Pour fonder les « syllogismes imparfaits », Aristote se réfère à trois méthodes :

• Méthode de la conversion. Soit la démonstration de Festino (nom scolastique du troisième mode de la deuxième figure) en fonction de Ferio de la première figure.
Ferio : si nul B n’est A et quelque C est B, alors quelque C n’est pas A.
Festino : si nul A n’est B et quelque C est B, alors quelque C n’est pas A.

Ces deux modes ne diffèrent que par leur majeure : celle du second étant l’inversion complète de celle du premier. Aussi suffit-il de la remplacer par l’autre !

• Méthode dite « de réduction de l’absurde ». Soit la démonstration de Baroco de la deuxième figure à partir de Barbara de la première figure.
Barbara : si tout B est A et tout C est B, alors tout C est A.
Baroco : si tout B est A et quelque C n’est pas A, alors quelque C n’est pas B.

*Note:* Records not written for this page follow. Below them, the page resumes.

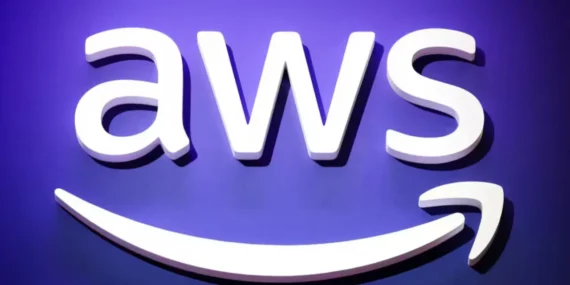 Amazon'dan güçlü bilanço: AWS büyümesi hızlandı, hisse yüzde 9 yükseldi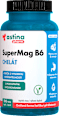 SuperMag B6 chelát astina pharm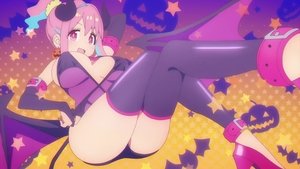 ONIMAI: I’m Now Your Sister! Season 1 Episode 5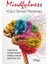 Mindfulness ve Kabul Temelli Psikoterapi 1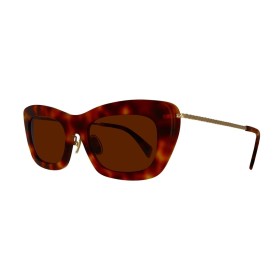 Ladies' Sunglasses Lanvin LNV608S-217-51 by Lanvin, Glasses and accessories - Ref: S7283917, Price: 146,24 €, Discount: %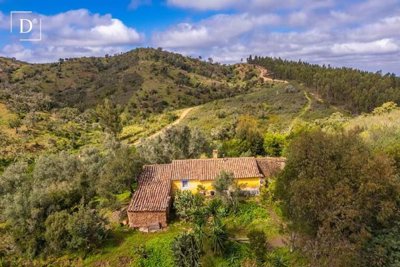 1-12051-a6143ebb3cb0547d86cbab874af8e5c603a53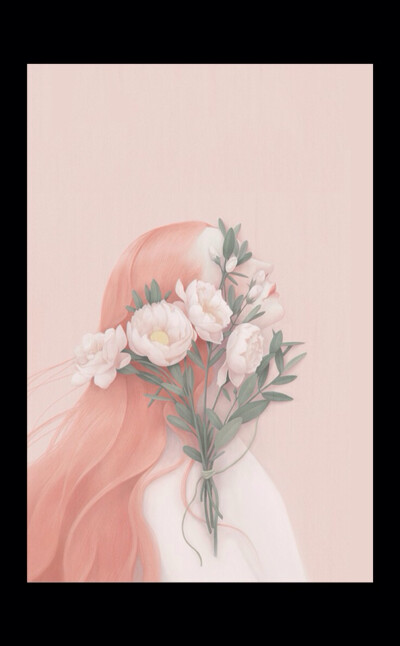 Hsiao Ron Cheng - 台湾插画师 Hsiao Ron Cheng 作品
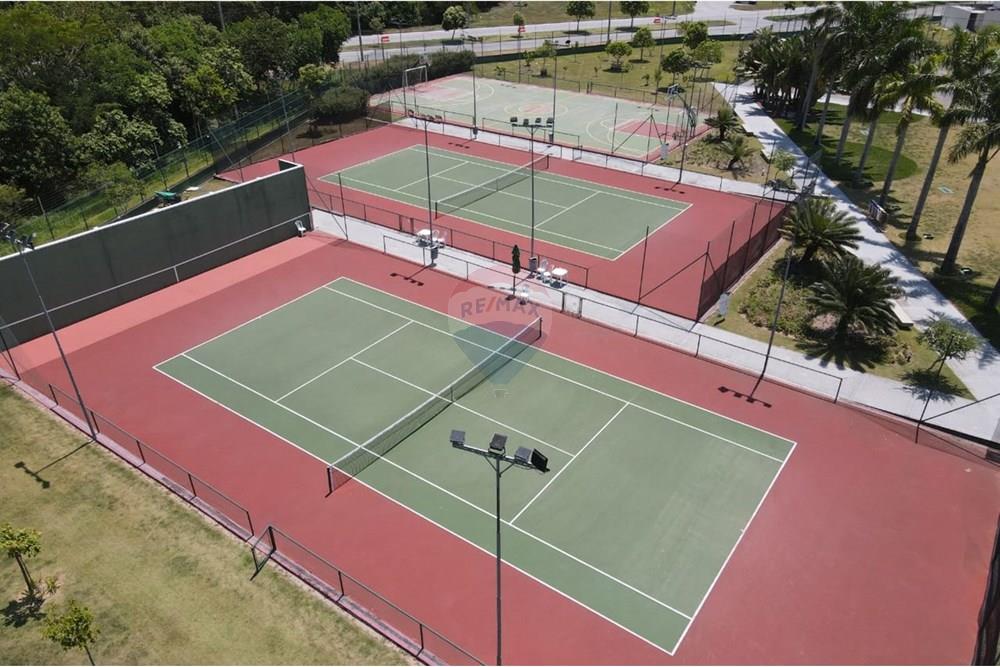 Casa de Condomínio - Venda - Maricá , Rio de Janeiro - WhatsApp Image 2023-12-21 at 18.09.09 (3).jpeg - 630121026-164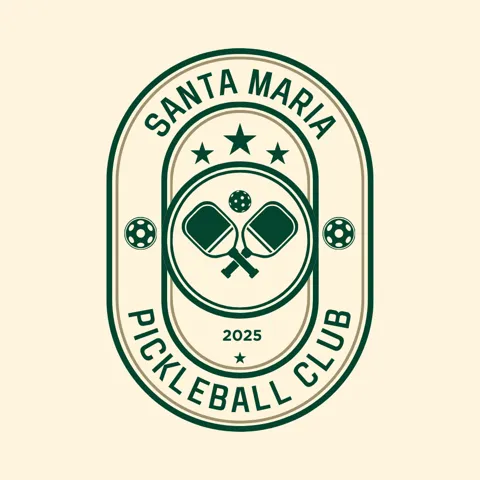 Santa Maria Pickleball Club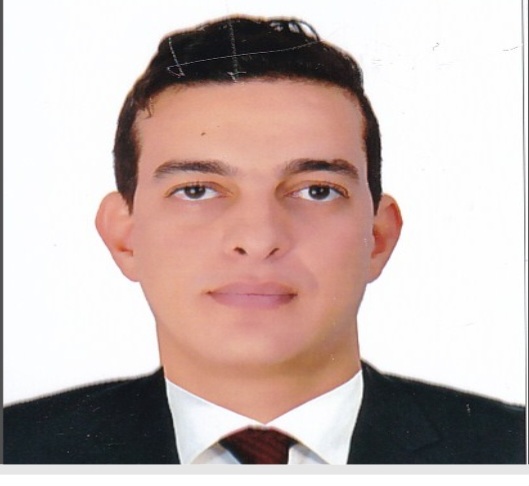 مرابط بلال
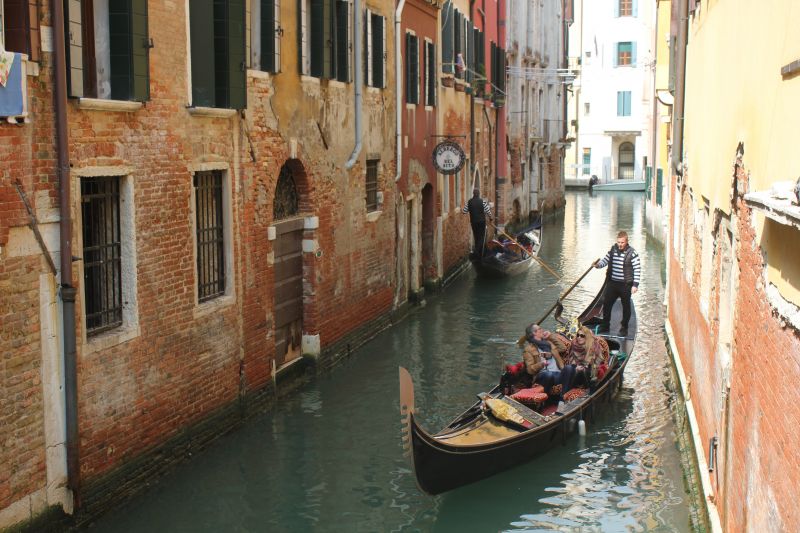 IMG_0319~5.JPG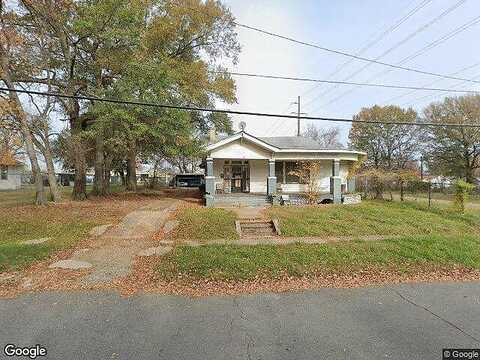 Buena Vista, SHREVEPORT, LA 71101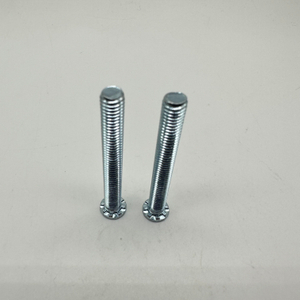 M6x50 PEM Self Clinching Stud Clinching Screw Sheet Metal Screw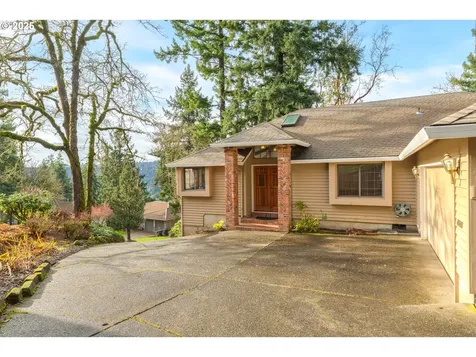 2589 Kilkenny Court West Linn OR 97068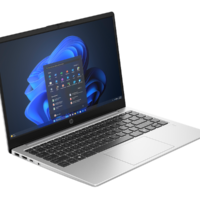 NOT HP 240R G10 I7 14"16G 512G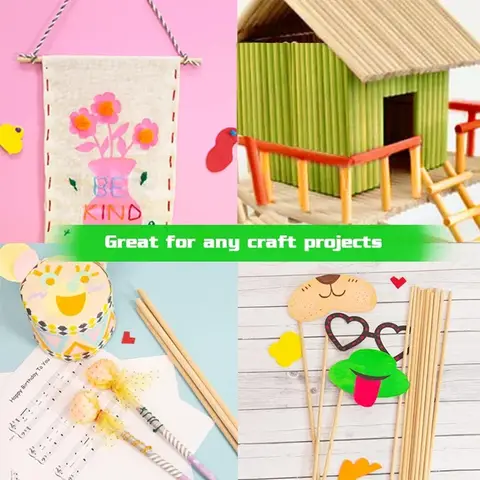 8 best sales wood cutting tools for crafts - №4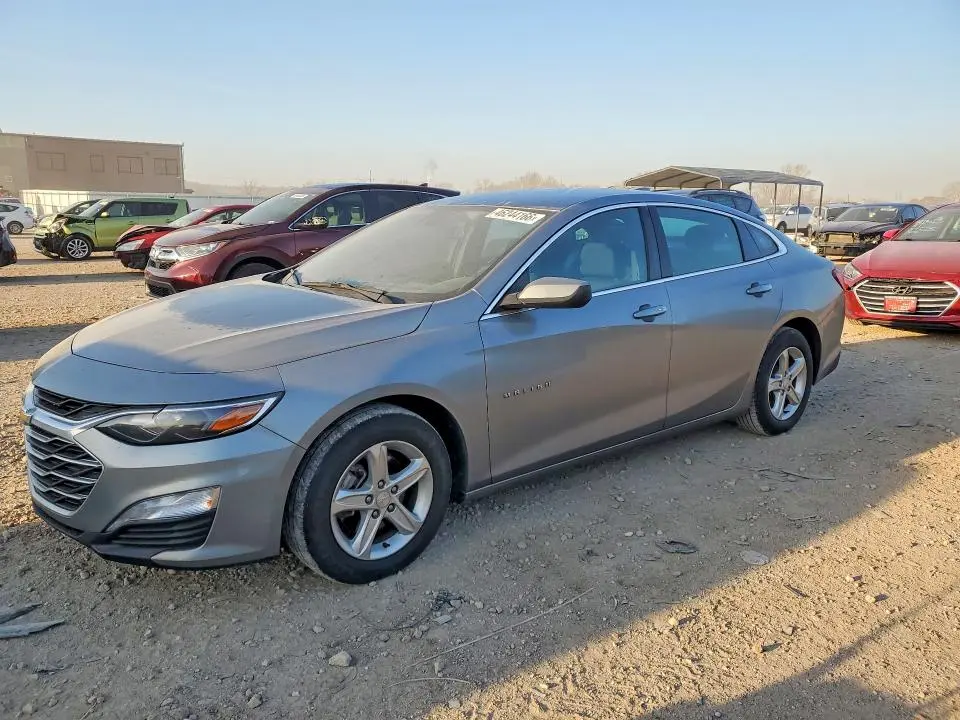 1G1ZD5ST6PF229458
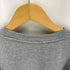 エディットフォールル EDIT. FOR LULU 24SS WORN FREE 別注 FISH スウェット レディース JPN:XS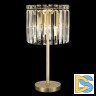 Настольная лампа Citilux Джейн CL306833
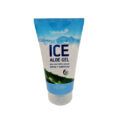 Tabaibaloe ICE,  chladiaci gél, 150 ml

Aristote nous prévient que, lorsque la conclusion a été contredite et que l’une des prémisses est conservée, il est nécessaire que la prémisse restante soit rejetée (Premiers Analytiques, iv, 8). Or, la mineure de Baroco est en contradiction avec la conclusion de Barbara, ce qui est conforme avec le principe énoncé.

• Méthode dite « de l’ecthèse ». Soit la démonstration de Darapti (nom scolastique du premier mode de la troisième figure).
Darapti : si tout B est A et tout B est C, alors quelque C est A, soit B, appartenant à B.

Si les prémisses sont correctes, il est juste d’affirmer que B1 est A et que B1 est C. C’est dire que B1 est à la fois A et C ; quelque chose qui est C est à la fois quelque chose qui est A, soit quelque C est A.